Bir diğer nokta da, Kıbrıs meselesinin doğurduğu Türk-Yunan gerginliğinin, aynı zamanda Türk-Amerikan münasebetlerine de tesir etmesidir. Kıbrıs meselesi Türk-Amerikan münasebetlerinin de yapı ve mahiyet değiştirmesine sebep olmuştur. 1964 Haziran ayında Amerika Başkanı Johnson'ın Türkiye başbakanına gönderdiği manasız ve sert mektup, Türkiye'yi, 1945'ten beri münasebetlerinin gayet soğuk olduğu Sovyetler Birliği'ne yaklaşmaya ve bu ülke ile münasebetlerine yeni bir şekil vermeye sevk etmiştir. Onun içindir ki, 1965'ten itibaren Türkiye ile Sovyetler Birliği arasındaki münasebetlerde, bilhassa ekonomik alanda, birdenbire bir sıçrama müşahade edilmiştir.

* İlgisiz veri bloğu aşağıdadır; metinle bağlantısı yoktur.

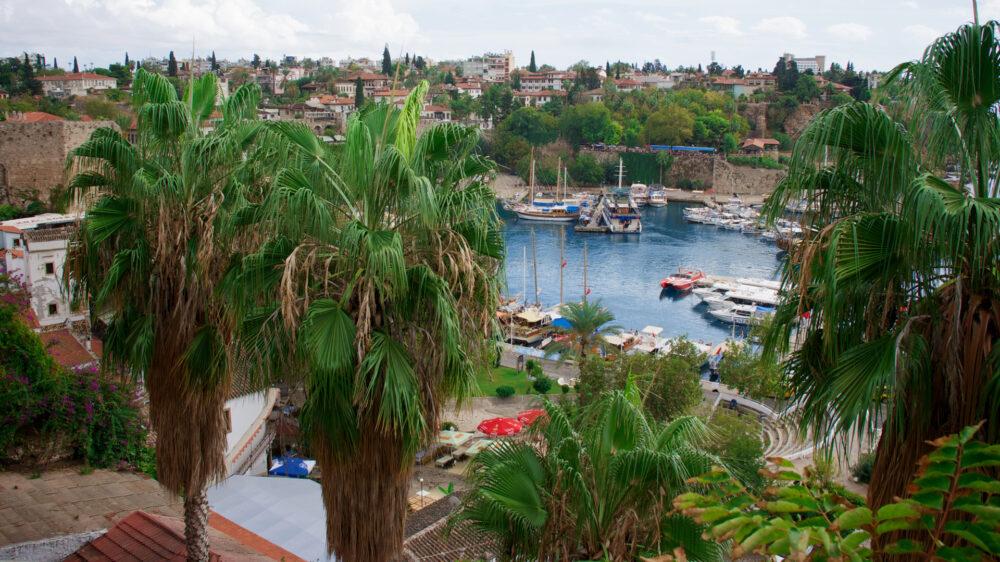 Die Stadt Antalya ist ein beliebtes Ziel bei israelischen Urlaubern in der Türkei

Keza Arap dünyasına yaklaşma da yine 1960'ların ortalarında oluşmaya başlamıştır ki, 1963-1964 Kıbrıs Buhranı bir bakımaTürk dış politikasını "çok kutupluluğa" doğru itmiştir demek yanlış olmayacaktır.
1967 Kıbrıs Buhranı, Türk-Amerikan münasebetlerine fazla tesir etmemiş ise de Türk-Yunan münasebetleri için yeni bir darbe olmuştur. Türk-Yunan münasebetlerinin bozulması 1967 buhranında bir merhale daha ileriye gitmiştir.
Fakat 1974 Kıbrıs Buhranı hem Türk-Yunan hem de Türk-Amerikan münasebetlerine en ağır darbelerini indirmiştir. Hele Amerika'nın 1975'ten itibaren üç yıl sürecek olan, Türkiye'ye tatbik ettiği silah ambargosu, tesirlerini günümüze kadar devam ettirecek bir. Bu ambargo, Türk-Amerikan münasebetlerinin çok muhtaç olduğu "güvenilebilirlik" faktöründe çok ağır bir yara açmıştır.
1975'ten itibaren Türk-Yunan çatışmasına, kıta sahanlığı, kara suları ve hava kontrol sahası gibi unsurları içine alan bir "Ege Meselesi" de ilave olacaktır.